Staging the Planetary Interregnum - University of Colorado Denver CAP

Amaia Sánchez-Velasco, Jorge Valiente Oriol, Gonzalo Valiente Oriol with the support of Gabriel Herrada, Brandon Wunder and Hannah Drummond. Images by Brandon Wunder.

First exhibition commissioned by the University of Colorado Denver CAP Exhibition and Lecture Committees Sarah Hearne and Leyuan Li as part of an ongoing project to consider new formats for scholarly research. The exhibition was showcased at UC Denver Campus from April 17 to June 30 2024.

“Interregnum” is a Roman legal term that refers to the interim period between the death of a sovereign and the enthronement of the successor, a moment of political indefinition where anything could happen or, as Antonio Gramsci described it, a time when “the old is dying and the new cannot be born; in this interregnum a great variety of morbid symptoms appear.” Without underestimating the worrying parallelisms between the time when Gramsci wrote this in his Prison Notebooks and today’s worldwide re-emergence of fascist, nationalistic, and religious anxieties, GRANDEZA STUDIO will discuss how today’s “planetary interregnum” could also be seen as the time-space in which inherited “truths” reveal themselves as historically contingent constructs and, therefore, are susceptible of critical enquiry and transformation.
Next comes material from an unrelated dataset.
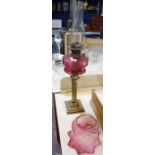 A Victorian oil lamp with cranberry glass shade and reservoir, on a brass reeded column base, 74cm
Through a multimedia session and an exhibition showcase at the CU Denver College of Architecture & Planning, GRANDEZA STUDIO unpacked how their creative practice entangles with research, design, writing, performance, filmmaking, and pedagogy. The team embarked on a multi-scalar journey across a series of allegorical scenographies of the “interregnum”, including the Great Barrier Reef, a gigantic mountain of salty debris in Barcelona, ​​the Pilbara region in Northwestern Australia and the surface of Mars, amongst others. By delving into the material and discursive traces of violence reshaping these territories, the team makes tangible and connects local phenomena with complex global dynamics inscribed in current processes of extractive, ecosystemic and social destruction.
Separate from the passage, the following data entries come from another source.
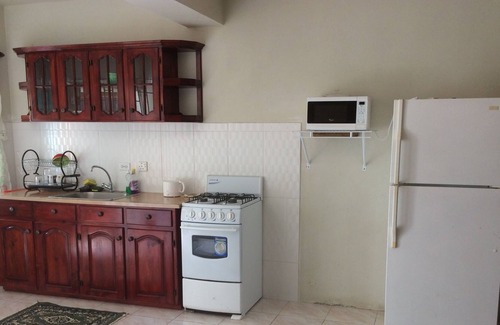Ewarton Apartment | Kathy's Cool Getaway is located near to shopping and transportation.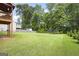 Well-manicured backyard with lush green lawn and mature trees at 1016 Buckeye Ln, Villa Rica, GA 30180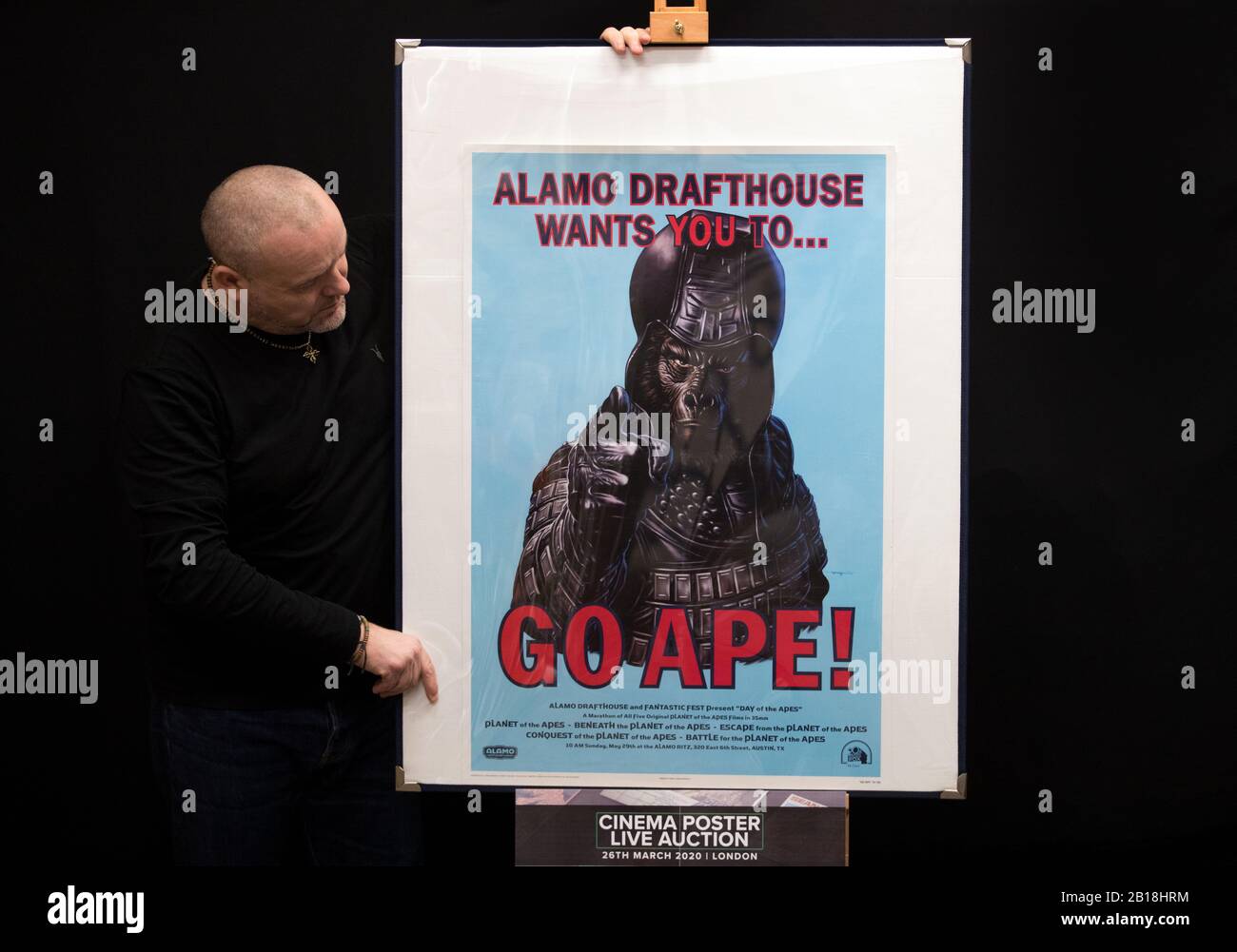 Prop Store poster consultant Mark Hochman looks at a Mondo poster for Alamo Drafthouse, which is part of a set of six posters for the Planet of the Apes movies (1968 - 1973) (estimate £500 - 700) during a preview for the Prop Store's forthcoming cinema poster auction. Stock Photo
Understood as architectural recompositions of bodies, discourses, objects, and territories, these allegorical scenographies become a departure point from which to engage in acts of radical political imagination. In these acts, GRANDEZA STUDIO put their bodies in service of a perpetual rehearsal, trial and error, hypothesis making, world-unmaking-and-making, and a necessary process of collective unlearning.